Na ocasião, em Lviv, foram abordadas a desmilitarização da central nuclear de Zaporijia, sob ocupação russa, e a implementação do acordo de exportação de cereais da Ucrânia através do Porto de Odessa, que deverá ser o tema dominante da agenda de hoje.
No entanto, apesar de saudar “o envolvimento direto” do secretário-geral das Nações Unidas, o porta-voz defende que não são os esforços de Guterres que estão em causa quando se trata de fazer a diferença na resolução da invasão russa da Ucrânia em 24 de fevereiro.
“Esta é a nossa oportunidade e uma oportunidade para todo o mundo”, declara Serhii Bratchuck, deixando, porém, um aviso sobre o efeito de longa duração destes entendimentos: “Primeiro a Rússia tem de ser reconhecida como um país terrorista, depois tudo o resto. Não há outra forma. Já houve demasiados doces, agora está na altura de puni-los.”
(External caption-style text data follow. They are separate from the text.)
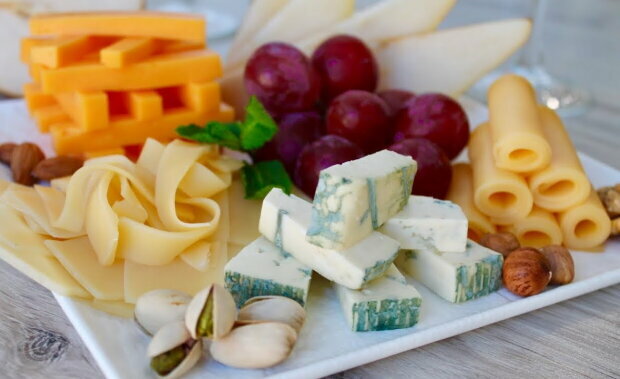 TOP-8 pomysłów na oryginalne serwowanie serów, wędlin i owoców
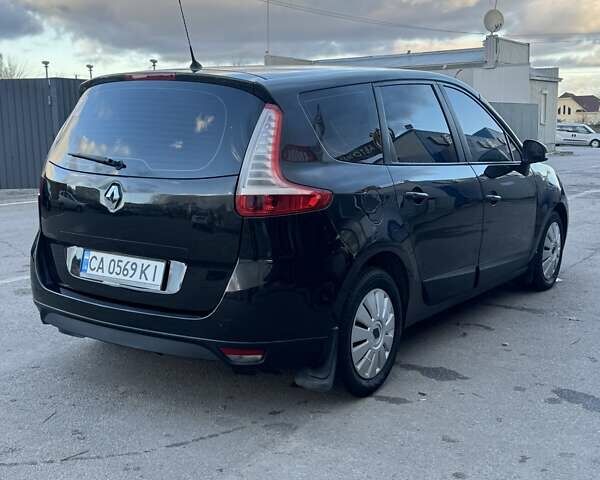 Черный Рено Гранд Сценик, объемом двигателя 1.5 л и пробегом 253 тыс. км за 6200 $, фото 3 на Automoto.ua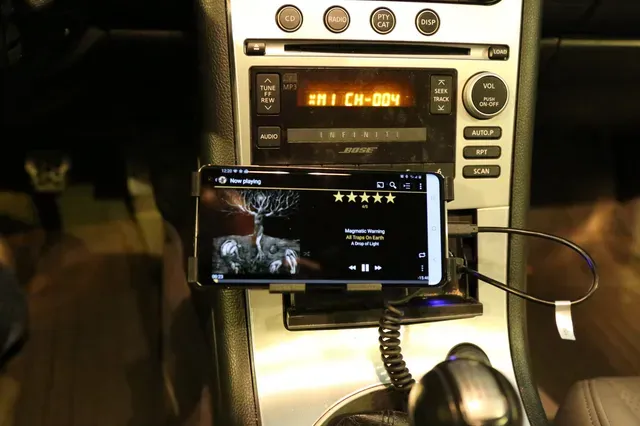 Cell Phone Mount for 2006 Infiniti G35 — Image 3 of 3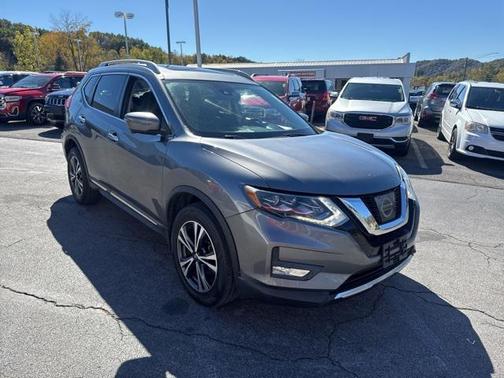 2017 Nissan Rogue SL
A visita de António Guterres a Odessa acontece dois dias depois de a cidade ter sido alvejada com um míssil russo, num ataque que o porta-voz da administração regional não vê inocência.
“Bombardearam um ‘resort’ na quarta-feira e acreditamos que inimigo deseja criar um contexto para os encontros de Lviv e antes da visita a Odessa”.
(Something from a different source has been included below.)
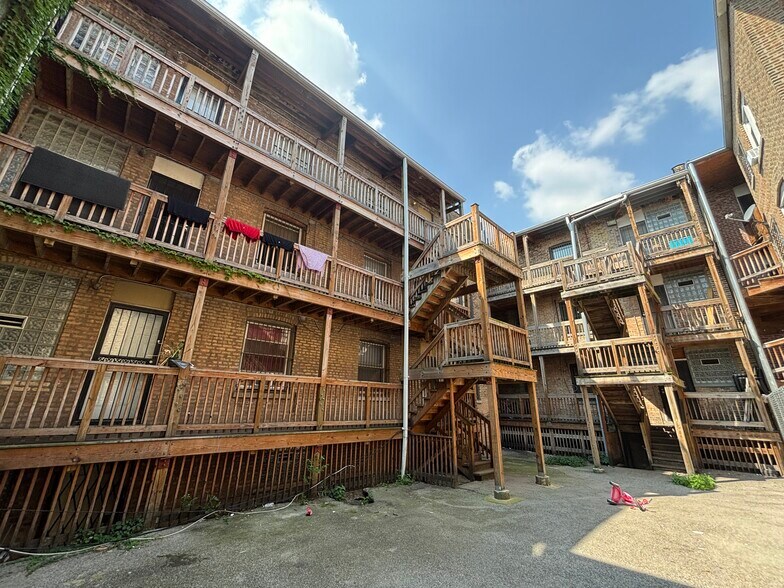 More Photos Of , Chicago Multifamily For Sale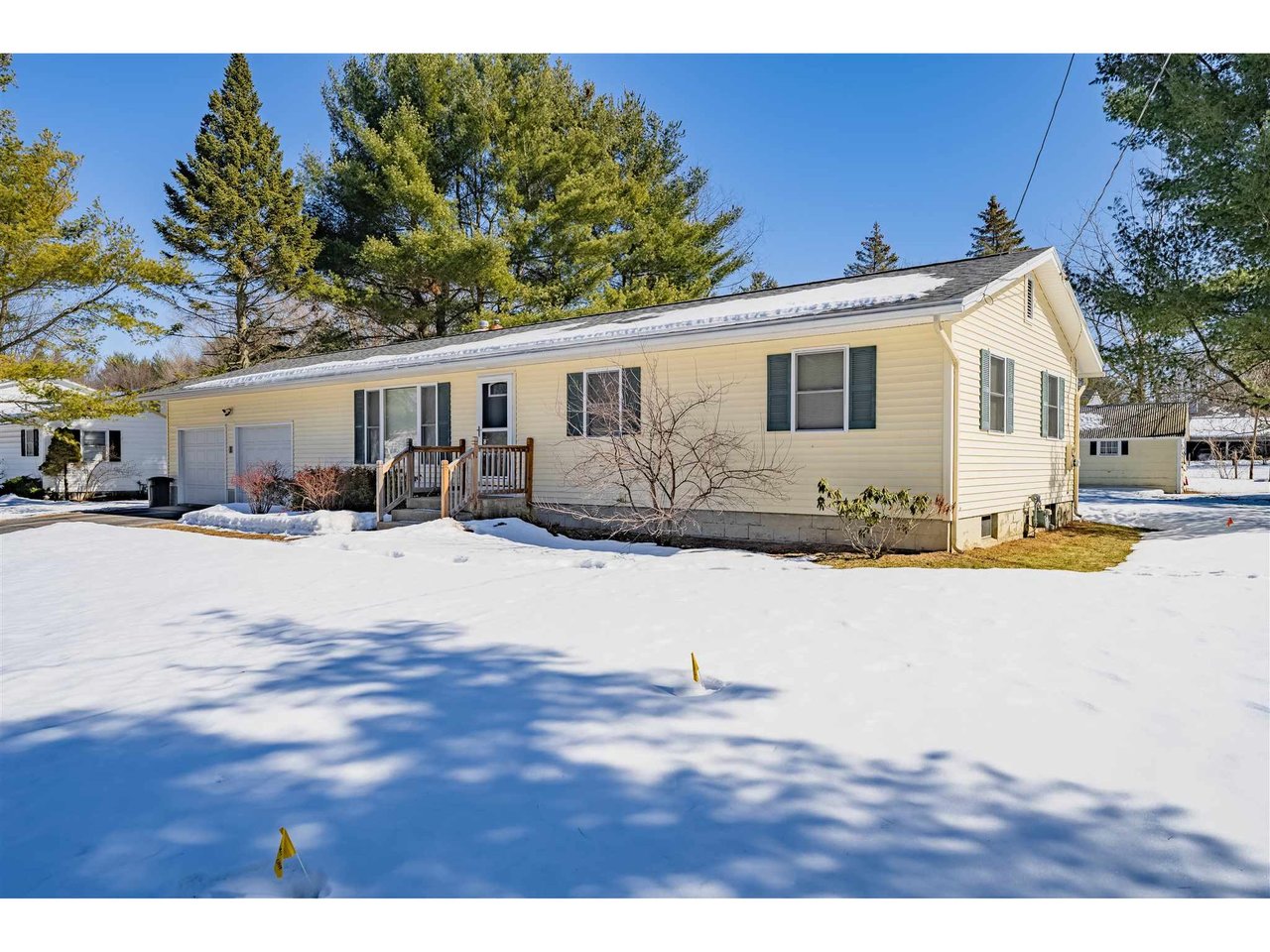 74 Cobbleview Drive, Colchester 74 Cobbleview Drive, Colchester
Para Serhii Bratchuck, a Rússia está “a jogar com os seus músculos” e tentando “aumentar as apostas” antes de reuniões importantes. “Mas isso não lhes fará bem nenhum”, acrescenta, dando conta de que, para as autoridades de Odessa, “a principal ameaça hoje são os ataques de mísseis do mar e do ar e está descartada a ameaça de um desembarque no mar, especialmente após a libertação da Ilha das Serpentes”.
Apesar do ataque na quarta-feira, que provocou vários feridos, a vida em Odessa decorre numa aparente normalidade desde há alguns meses. Pelas ruas, os habitantes circulam pelas ruas nas suas rotinas diárias e ninguém se agita nem se esconde quando, na véspera da chegada de Guterres, o alarme de ameaça aérea se fez ouvir pelo menos três vezes.
Ainda em plena lei marcial, quase todo o comércio está aberto e bem abastecido, os restaurantes cheios e vibrantes, a venda de álcool voltou a ser permitida, embora com limitações de horário, contrastando com o cenário de “cidade fantasma” das primeiras semanas de guerra, iniciada pela invasão russa, em 24 de fevereiro.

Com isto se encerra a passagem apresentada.